Postby kaptengrot » 2015-04-07, 17:39

Maybe I posted in this thread before, I can't remember... Anyway, my first critique is not about Esperanto itself but about how people TEACH Esperanto, because if the teachers are better then it's easier to learn:

1. I would make it so that people realized they can use accent marks or other "special characters" instead of the x-system. If you can't type ŭ, ĉ then type ú, c̈ or something, because it's still understandable and much nicer to look at than ux, ch.

2. When a word is listed in a dictionary, lesson or textbook, don't simply list the word, also write alongside it what compounds the word is made up of. Dictionaries should also have more synonyms, that are made up of compound words.
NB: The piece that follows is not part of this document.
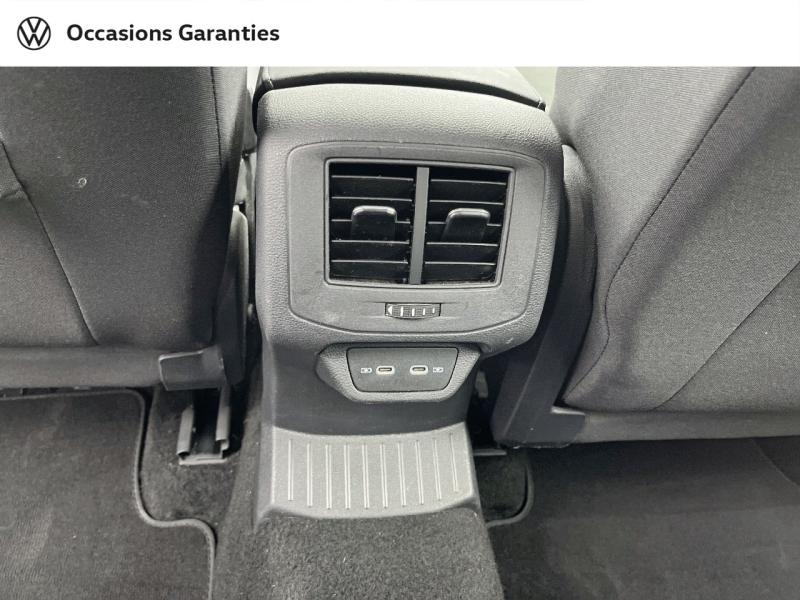 Voitures occasions VOLKSWAGEN T-ROC Style Rezé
3. Reduce the vocabulary in practise and teach people how to do this as you go in your lessons/whatever. Say "train-meet-place", not "station". Say "online journal", not "blog". Say "very cold", not "freezing". The thing is that if people were properly taught about the logic of making compound words, they wouldn't have a need for these loans (in most cases) because they wouldn't think that the word was missing in the first place. I agree that something like "rettaglibro" is a bit long, but then we have to think about if "day-book" even automatically makes sense to most people in the first place or not (by the way, I don't think "word-collection" makes one think automatically of "dictionary" either, maybe it's just me). If not, then we make a new word for it and the problem is solved.

About EO itself:

1. I would make it 100% regular, or definitely as close to it as possible. Whether this means coming up with euphemisms, needing to import new words to fix things, or getting people to use the word as if it really did have a prefix/suffix attached, it doesn't matter. Likewise with genders - every single root word, including stuff like "patro" should be gender-neutral and the gender is made explicit when needed by "in" or "vir".

No "papero" because "ero" is already its own word. No "scii" because there shouldn't be two i's (no roots should end on a vowel that's not ŭ, or maybe we need to start marking "this vowel is part of the root" by putting a cap on that root i or something).

2. I would get rid of ĥ and c, because we don't need that many sounds/letters in Esperanto (the less sounds, the easier it is to pronounce) and in the first place, words in EO that have the letter C itself often have instead S, K or maybe even Z in many languages, in pronunciation. For example, "science" in English is pronounced "sai-ens", "utveckling" in Swedish is pronounced "utvekkling".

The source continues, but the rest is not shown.